- Born: 3 April 1969 (age 57) Clermont-Ferrand, Auvergne, France
- Scientific career
- Fields: History, Political science

= Olivier Védrine =

French political scientist

Olivier Védrine (born 3 April 1969) is a French political scientist.

Olivier Védrine has worked in Ukraine 10 years, he is now working in France.

== Life and works ==
Born in Clermont-Ferrand, Puy-de-Dôme, Olivier Védrine. He studied at the International School of Management where he obtained an International MBA.
- President of the international think-tank “Continental European Union club”.
- Professor Honoris Causa, Kyiv International University.
- Lieutenant Colonel active duty reserve officer under contract by decree published in the Journal Officiel de la République Française.
- Auditor of the Institute for Higher National Defence Studies (IHEDN), France.
- Alumnus of executive seminars organised by the College of Europe at the European Commission in Brussels, Belgium.
- Lecturer on behalf of the European Commission in the experts’ network Team Europe France (2007-2014).
- Chief Editor of the Russian edition of the “Revue Defense Nationale“ (2010-2014).
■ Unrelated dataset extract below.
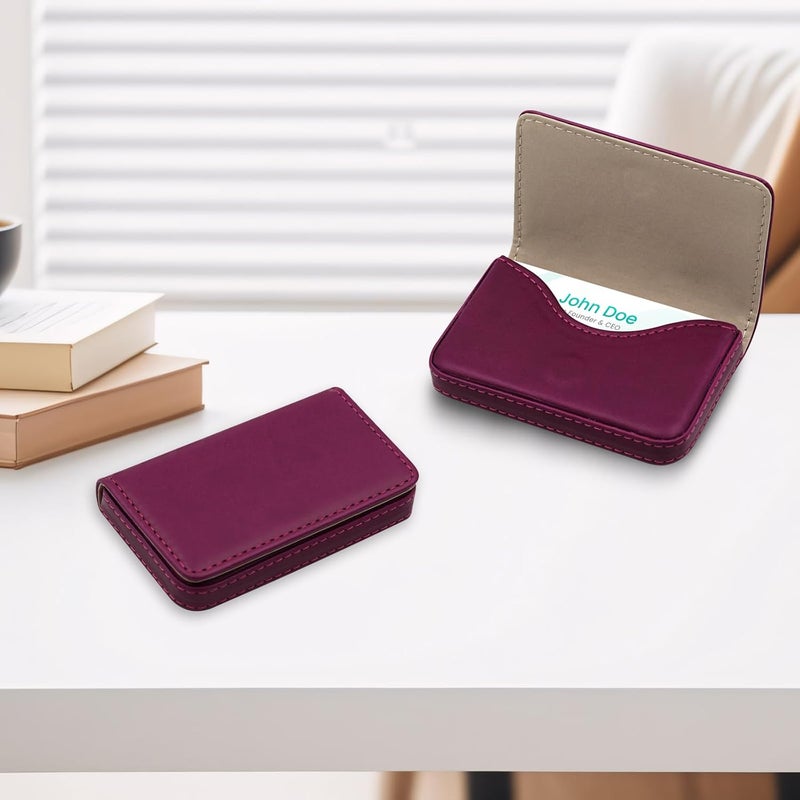 AI-DEE RFID Blocking Wallet - Minimalist Leather Business Credit Card Holder (PW-Wine Red) - Image 5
He ended this Russian edition at the beginning of 2014 to protest against the annexation of Crimea.
- Adviser to Henri Malosse when he was the President of the European Economic and Social Committee (2013-2015) for matters related to Ukraine.
- Since 2015, expert member of the Academic Center of the Assembly of European Regions, Strasbourg, France.
- Since 2015 – Member of Expert Board, Center for Army, Conversion and Disarmament Studies (CACDS), Ukraine.
- From July 2015 to July 2016, co-anchor of analytical talk-show UA Tea Time on 'First Ukraine'. international satellite TV Channel launched by National Television Company of Ukraine on 1 September 2012 available in more than 30 countries all over the world, coauthored 120 sessions in English.
- Anchor of Weekly with Olivier Vedrine on UA TV.
- From November 2016 to February 2017, anchor of "Weekly with Olivier VÉDRINE" on UA.TV.
- Since 2016, Chief Editor of Russian Monitor, one of the sites of the Russian opposition. with 500 000 visitors per month, Russian Monitor is the internet media of the Continental European Union Club.
- Organiser of an informal think tank of the Russian Opposition in exile in Kyiv, Ukraine.
- Since January 2018 and the new editorial line by Olivier Védrine, the monthly number of visitors has doubled to 1.000.000.
- Starting January 2018, Olivier Védrine is the anchor of "Western voice with Olivier Vedrine" a geopolitical weekly show on Obozrevatel TV with guests, interviewed on the stage and on Skype belonging to the top experts of Europe and United States, answering questions related to Eastern Europe, Ukraine and Russia.
- Member of the board of New Europeans as Eastern Europe, Russia, CIS expert.
- Associate researcher for the University of Quebec in Montreal (UQAM), Canada.
- Expert member of the National Union of the Political Scientists and member of the Editorial Advisory Board of “Questions of political science”, Russia.
- Visiting lecturer in universities in France, Ukraine, Russia, Germany, Poland, Canada, Taiwan, Italy, Turkey, Azerbaijan, Estonia, Belgium, United Kingdom, Romania, Netherlands, Georgia, and Portugal.
- On February 13, 2018, Olivier Védrine was appointed, "Goodwill Ambassador" on a voluntary basis of the National Museum "Kyiv Art Gallery" former "Kiev National Museum of Russian Art", this is the third collection of Russian art after the museums of Moscow and St. Petersburg.
- Since 2022, Member of board Jean Monnet Association

Olivier Védrine received the Order of Saint Volodymir (Vladimir) from the hand of Patriarch Filaret, Kiev Patriarchate, an order seldom attributed to a foreigner (in attached file the Ukase attributing the Order of Saint Vladimir and the photo of the Order of Saint Vladimir.

== Bibliography ==
- Ideas for a United Europe

== Quotes ==
- "Ukraine needs to get rid of the Soviet legacy"
- "Putin wants to be like a new Stalin but Stalin had no bank accounts abroad, Stalin had an ideology, Putin has no ideology."
- "Ukrainians want to be free, and in Russia they want to be great."
- "The biggest advantage Ukraine enjoys is its strategic position."
- "The future of European democracy will be decided in Ukraine."
- "I believe that a good education is the key to build a strong and prosperous Ukraine."
- "The war in Ukraine is not only about freedom from Russian occupation but also freedom for the European continent."